John 10:11

Brothers and Sisters,

Almost as famously as Divine Mercy on the Second Sunday of Easter, the Fourth Sunday of Easter is unofficially known as Good Shepherd Sunday.  This is one of the many special days of the Easter season.

I remember being a child and not appreciating this day for several reasons:  I wasn’t entirely sure what a shepherd is or does, I was told by friends and teachers that I should think for myself and not “be a sheep,” and most interestingly I thought of Christ as the high king and not so much as a worker – I pictured Christ as on a throne in Heaven’s clouds Who magically made a difference here on Earth when prayed to do so.

It wasn’t until my days in seminary that I learned this principle that I have often mentioned in the homily at Mass:  Christ does not merely tell us what to do, He always leads by His own example.  This is the heart of the title “Good Shepherd.”  In fact, the Good Shepherd said as much Himself: “I have given you a model to follow, so that as I have done for you, you should also do” (John 13:15).

This is the Savior Himself instructing us to do good works.  The actions of Christ on Earth were not limited to proving that He is divine by showing us a few scattered miracles; the tasks of Christ were bigger even than giving us doctrine through His speeches and conversations.  While both of these are, of course, very important, they are not the whole story.  If we miss the requirement to do good works, then we have also misunderstood His speeches and miracles.

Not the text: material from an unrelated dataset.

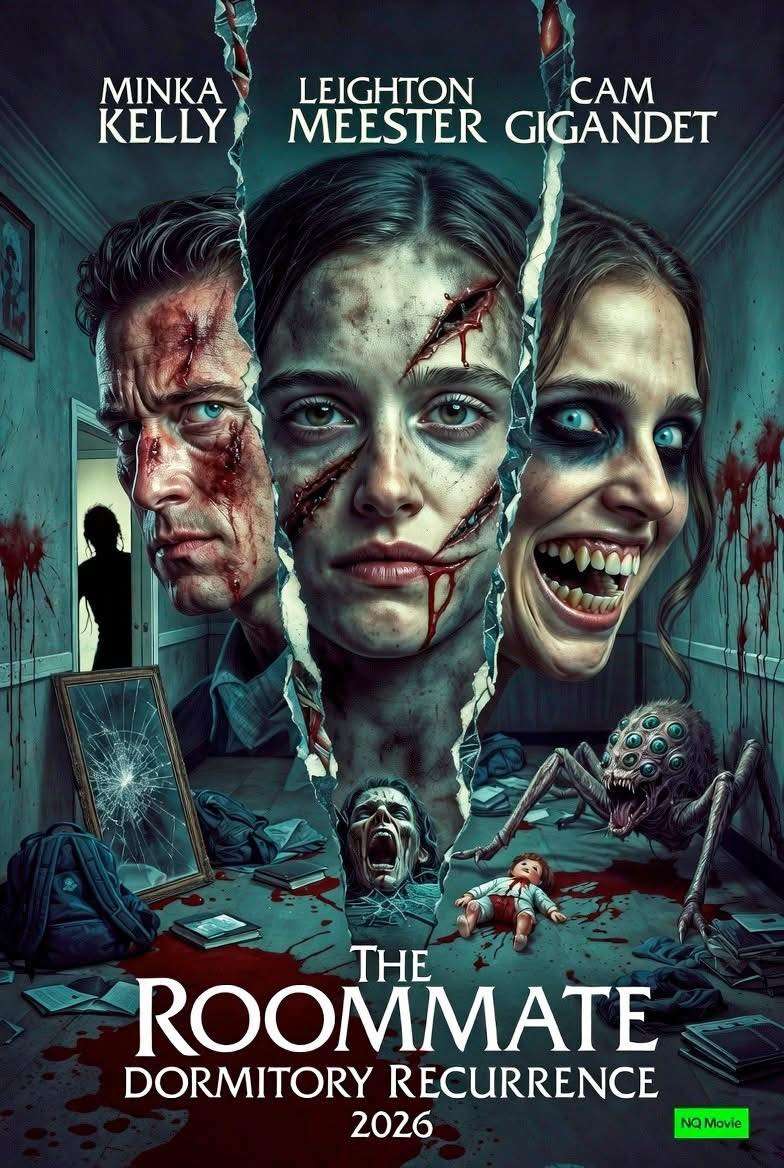 THE ROOMMATE: DORMITORY RECURRENCE (2026)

The Christians of the first four centuries took this quite seriously with amazing results.  Here’s one telling example:  when it was still illegal to be a Christian in the city of Rome, the Christians had already established an intricate food-sharing and financial assistance system.  It was so effective that they were able to assist the poor of Rome who were not even Christian.  They were willing to take risks in exposing their faith to others not merely in hope that these others would become Christians themselves, but because they saw the great importance of doing good works.

This is the great freedom of the Holy Faith.  Regardless of what happens to parish buildings or cluster borders, Holy Mother Church will endure even when Christianity is openly and publicly mocked.  The Church, even when the membership declines, is no less strong.

Do good works.  Be kind and generous.  Do not sadden the Sacred Heart by withholding kindness.